Choosing the best options
Once breast cancer is diagnosed, it’s important for patients to receive the appropriate treatment.
Doctors have raised concerns about the rise in mastectomies for breast cancer, where the entire breast is removed. While that may be the safest course for some patients, breast-saving procedures may be as effective for others, especially for women with early-stage cancers in one breast.
“It’s fear and lack of education,” Alice Police, a UC Irvine breast surgeon told the Orange County Register. “I just had a patient who came in … saying, ‘I want a bilateral (double mastectomy). I’m going to do everything I can to beat this cancer.’ It took me an hour to explain to her that it might hurt her.”
Early-stage breast cancer patients whose tumors carry genetic markers associated with a low risk of disease recurrence may not need chemotherapy, according to a new study that employed a test devised by UCSF researcher Laura van ’t Veer.
Using a genetic test known as MammaPrint, van ’t Veer and her colleagues were able to predict the risk of cancer recurrence by measuring the expression of a suite of 70 genes.
“For the first time, a prospective, randomized trial shows that the active biology of breast cancer in an individual, as assessed by the MammaPrint test, can assist in making a well-informed choice to undergo chemotherapy treatment or not,” said van ’t Veer.
Scientists also are working to help improve the accuracy of doctors’ prognoses for breast cancer patients.
A new method developed by UCLA scientists opens new avenues for doing just that, using data about patients’ genetic sequences to produce more reliable projections for survival time and how they might respond to possible treatments.

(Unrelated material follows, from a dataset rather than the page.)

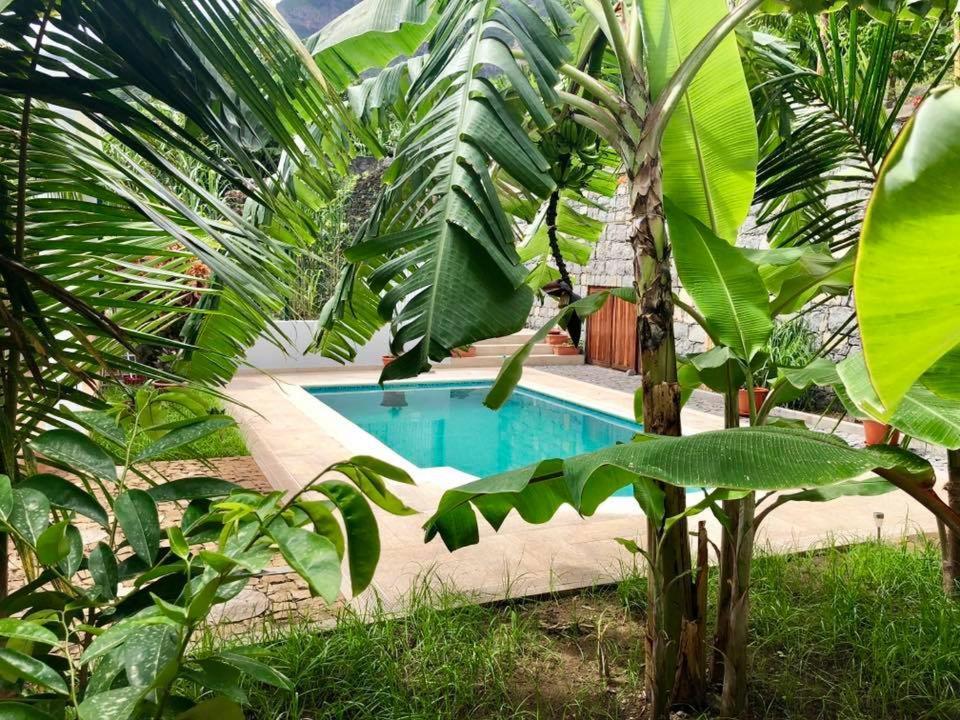 Отель Residencial Lela D'Fermina Pombas Экстерьер фото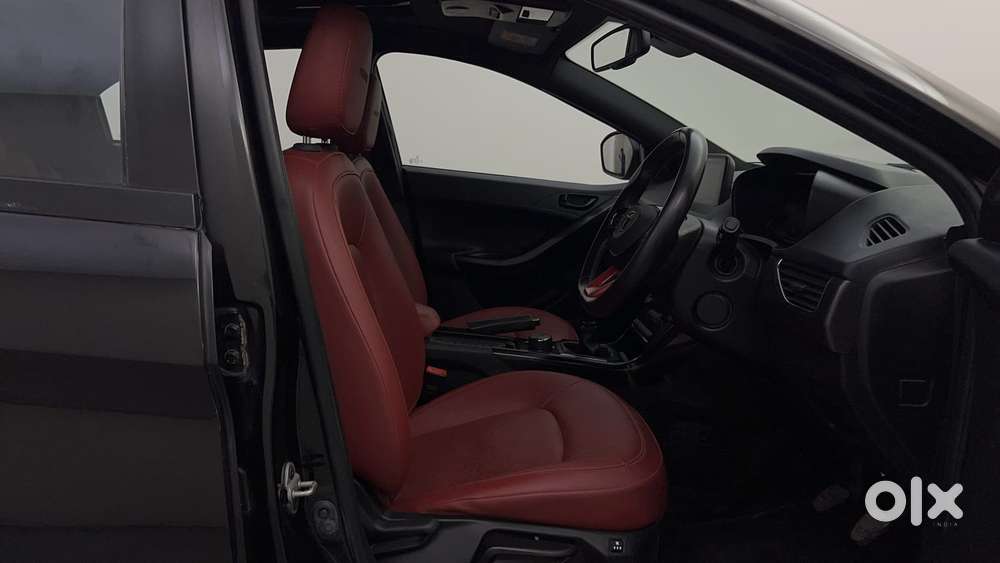 Tata Nexon 1.2 Revotron Xz Plus Luxs Red Dark Edition Amt, 2023, Pet..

To treat or not to treat? That is the question researchers at Lawrence Berkeley National Laboratory hope to answer with a new advance, identifying 14 genes that could help doctors and their cancer patients decide if a particular therapy would be worth pursuing.
Meanwhile, UC San Diego researchers reported that precision medicine can lead to better outcomes for patients with cancer. After reviewing 346 phase one clinical trials involving 13,203 patients, the study authors found that patients who received targeted treatments had response rates 6 times higher than those who did not.
New hope for patients
There have been other important advances, too.

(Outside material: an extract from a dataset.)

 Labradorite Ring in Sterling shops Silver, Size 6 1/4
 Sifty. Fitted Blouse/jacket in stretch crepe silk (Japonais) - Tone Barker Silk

UCLA scientists, led by Dennis Slamon, helped develop the breast cancer drug Herceptin – which the FDA approved in 1998 – and their research played a key role in the development of Ibrance, a new drug to treat patients with advanced breast cancer. After patients in a clinical study led by UCLA researchers showed a dramatic improvement using Ibrance, the FDA granted the drug “breakthrough therapy” status, allowing it to be fast-tracked for approval last year.
UC Berkeley scientists recently found a target for treating one of the most deadly forms of breast cancer, known as “triple-negative” breast cancer. This form of breast cancer accounts for about 1 in 5 cases, and they are deadlier than other forms of breast cancer, in part because no drugs have been developed to specifically target these tumors.

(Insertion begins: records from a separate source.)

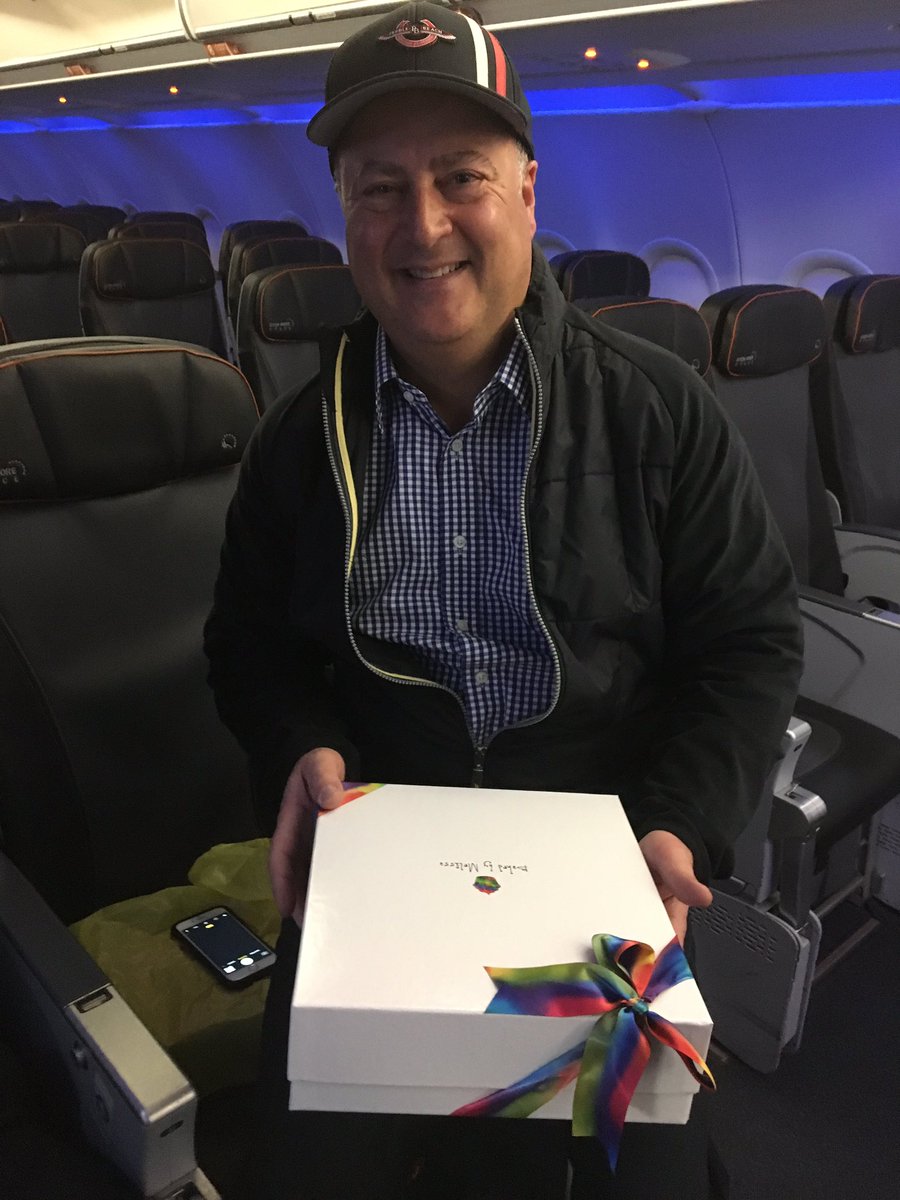 SBenaryMann's tweet photo. Celebrating a Mosaic Customer's Bday! @JetBlue @HelloJetBlue @DonUselmann @Juan_Ruano_ @DocWadeP #JetBlue https://t.co/m63UxUT6VS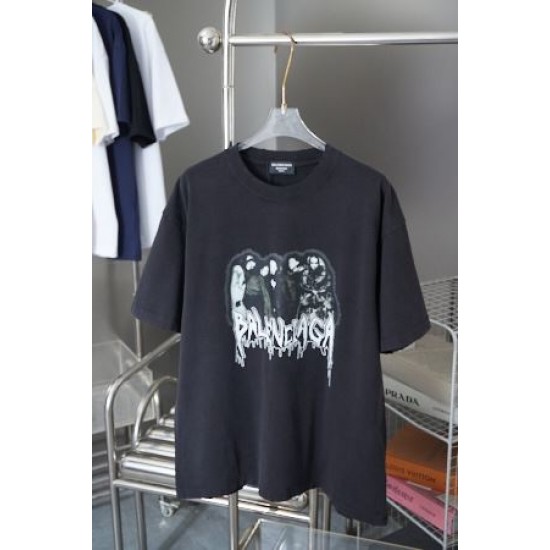 2025SS 半袖Tシャツ BALENCIAGA バレンシアガ 斬新なスタイル 2025SS 半袖Tシャツ BALENCIAGA バレンシアガ 斬新なスタイル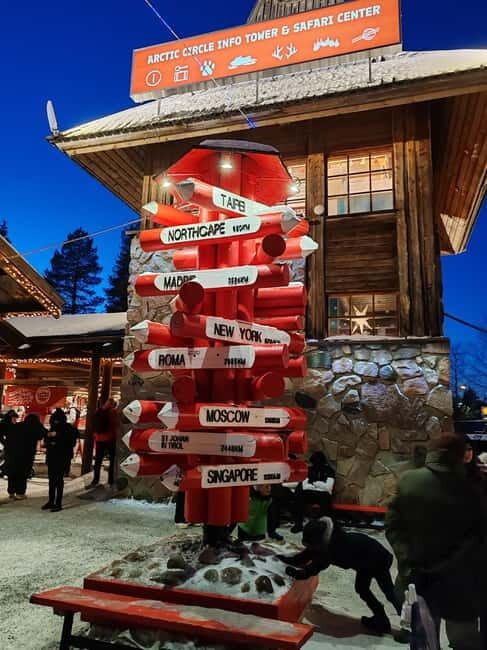 Rovaniemi:Santa Claus Village Guided Tour with Santa's gift - A Full Look at the Rovaniemi Santa Claus Village Guided Tour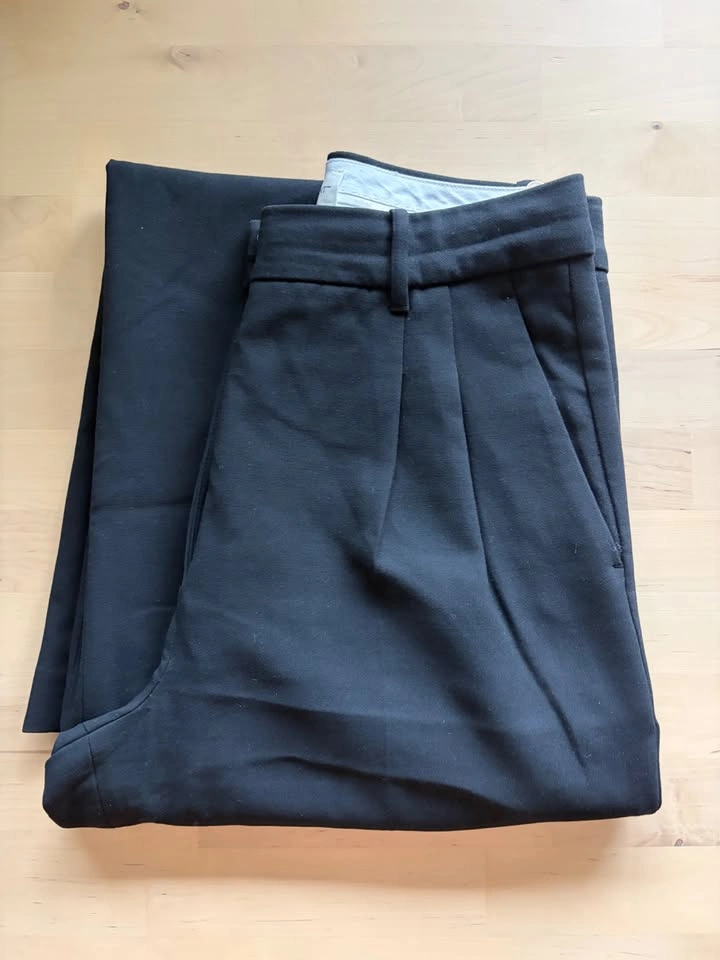 Aritzia Effortless Pants (size 8) Black - photo 2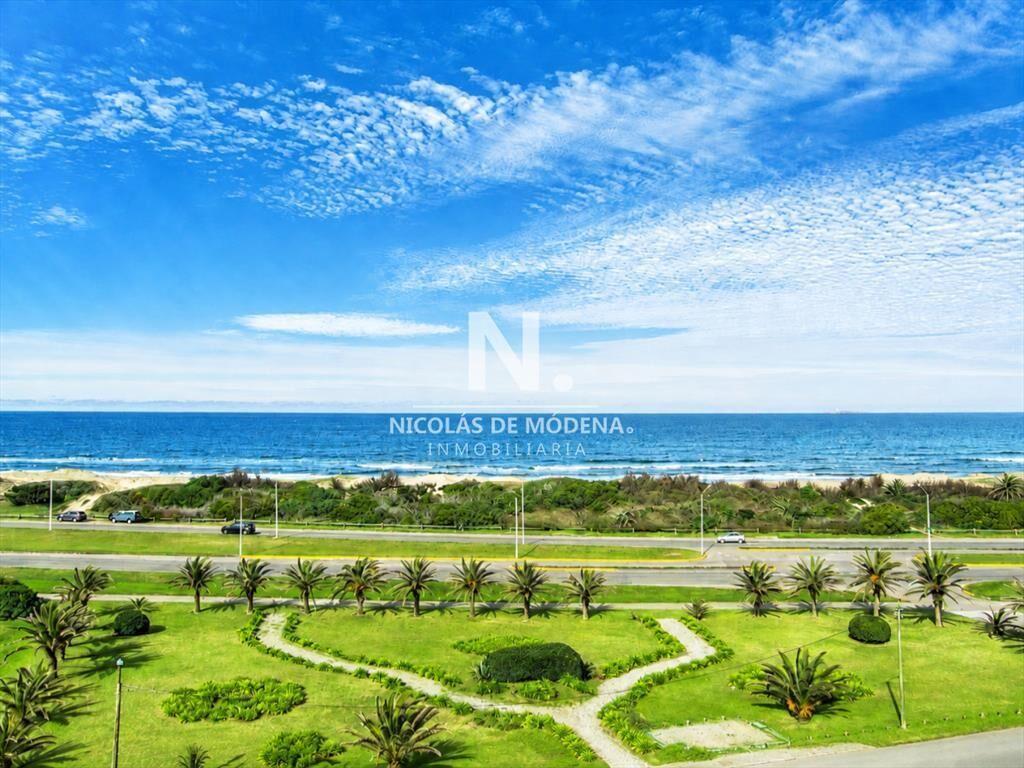 Expectacular apartamento en venta frente al mar,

Triple-negative breast cancers do not rely on the hormones estrogen and progesterone for growth, nor on human epidermal growth factor receptor 2 (HER2). Because they do not depend on these three targets, they do not respond to modern hormonal therapies or the HER2-targeted drug Herceptin.
In August, scientists announced that they had found a long-elusive Achilles’ heel within triple-negative breast tumors, and used a drug-lik molecule to successfully target this vulnerability, killing cancer cells in the lab and shrinking tumors in mice.
Such breakthroughs offer new hope to breast cancer patients. Courtney herself is now cancer-free, along with her three other family members.
“I am very grateful for the other problem solvers and entrepreneurs around the world who made that possible,” Courtney said.